00:00 Let's review what we built.
00:02 We defined a client to interact
00:05 with our HTTP service by creating a class
00:08 and having it derive from uplink.Consumer.
00:11 So we created blog_client and its consumer
00:13 so uplink can do its magic.
00:16 The next thing that we needed to do
00:17 was pass it the base url.
00:20 Here's one way to do that.
00:21 We could tell this class, it's always going to work
00:24 with that API, so you don't have
00:26 to pass this base url every time.
00:28 It's really nice to have this
00:29 if you're doing testing against your own APIs.
00:32 You could, say if you're in debug mode,
00:35 then you say, like a local host version,
00:37 otherwise use production or staging, whatever, right?
00:40 So this is really nice, it sort of sets it up.
00:42 And then anytime we want to have an API point called,
00:46 we just write a method, decorate it with one of
00:49 the HTTP verbs, here we're using uplink.get/api/blog/post_id,
00:56 and that post_id is one of the arguments.
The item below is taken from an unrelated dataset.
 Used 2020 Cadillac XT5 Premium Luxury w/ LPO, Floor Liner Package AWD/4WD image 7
00:58 Now of course what we get back
00:59 is a request version of a response.
01:02 And notice, there's no real implementation,
01:04 but here's a nice chance to add a doc string
01:07 and add a little documentation.
01:08 So this is what I would think of as a raw API method.
01:12 Down here, we saw when we want to pass the body
01:15 sometimes that's a little cumbersome, doesn't really
01:17 give the consumer of the client a lot of help
01:21 on what to put, so we wrote this wrapper function.
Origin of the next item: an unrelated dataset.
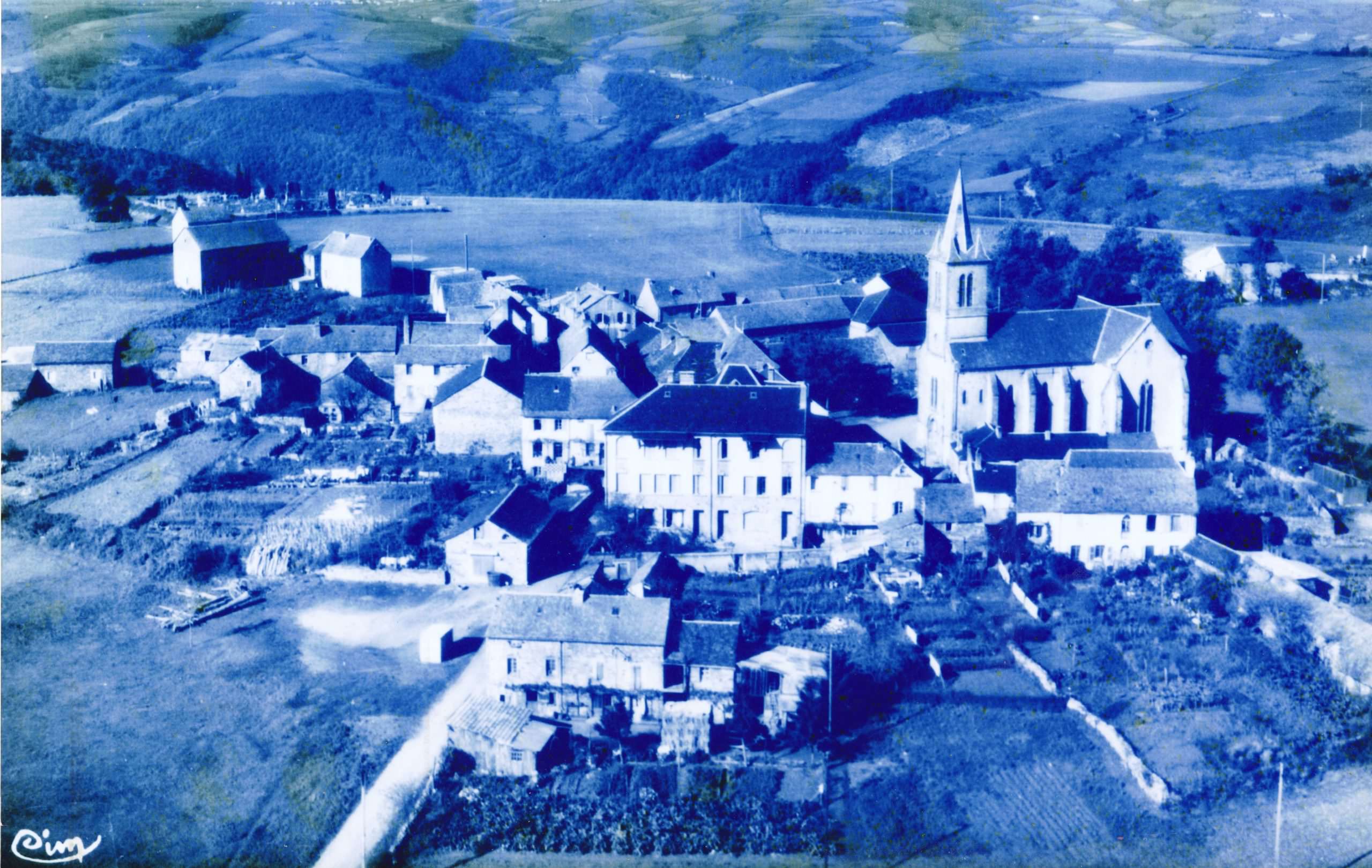 Vue aérienne du village de Brasc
01:23 It takes meaningful arguments, creates
01:25 some default values for us, and then calls
01:27 this hidden internal one that routes to our url/api/blog.
01:31 To create a new one, we just kind of pass on through.
01:34 Really really nice, and for that last part to work
01:37 when we did uplink.body, we had to specify JSON,
01:40 otherwise it's going to pass it as form encoded,
01:42 which, the server, if it doesn't want that,
01:44 it's going to get upset.
01:46 Here's what we got to do to built data servers,
01:48 and now we can just use it as if it was
01:50 a standard class, and all these things flow over
01:53 to the service, really really nice.